THE MULTIMODAL MODULE AS PART OF THE RUSSIAN NATIONAL CORPUS


2015. № 3 (6), 65-87

Vinogradov Russian Language Institute of the Russian Academy of Sciences

Abstract:

The article describes the Multimodal Russian Corpus (MURCO) as the new project in the framework of the Russian National Corpus (RNC). The pilot version of the MURCO was opened for general access in October, 2010 and since then MURCO has increased its volume up to 4.3 mln tokens and developed its structure. The corpus presently consists of the following subcorpora: 1) Movie speech, 2) Public Spoken Russian, 3) Private Spoken Russian 4) Theater speech 5) Written-to-be-Spoken Russian. The MURCO is organized as a collection of clixts. A clixt is a pair of an audio- or video clip and the corresponding fragment of the text transcript. A user has the opportunity to download not only the text com-ponent of a clixt, but also its sound and video component, so after downloading a user may use any program to analyze it. MURCO is marked up with different types of annotation.
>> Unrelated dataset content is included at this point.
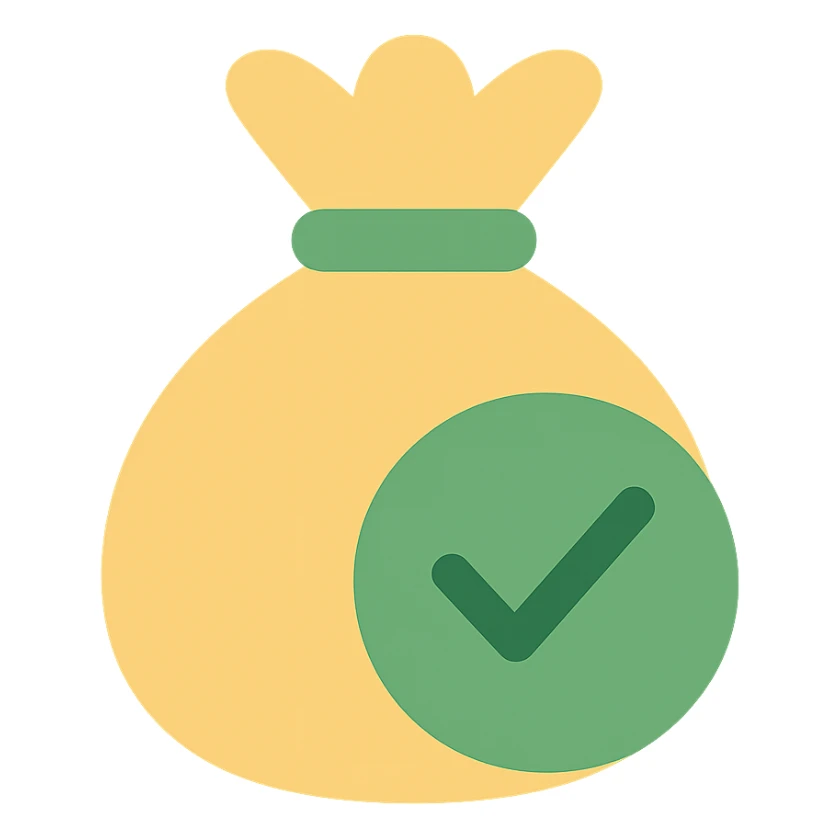money bag with a large green check mark overlay, simple and bold sticker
Some of them are standard for the RNC (metatextual, morphological, semantic annotation), some types are special for the spoken component of the RNC (sociological and accentological annotation), and some of the mark-up dimensions are specific only for the MURCO (orthoepic, annotation of vocal structure, speech act and gesture annotation). The speech act and gesture annotation is used in the smaller part of the MURCO, which is called the deeply annotated MURCO. The article describes the main ways of retrieving information from the corpus and types of search queries. The prospects of further development of MURCO are as follows: increasing the number of texts, developing software for processing multimedia content, creating new modules of MURCO – multimodal parallel corpora.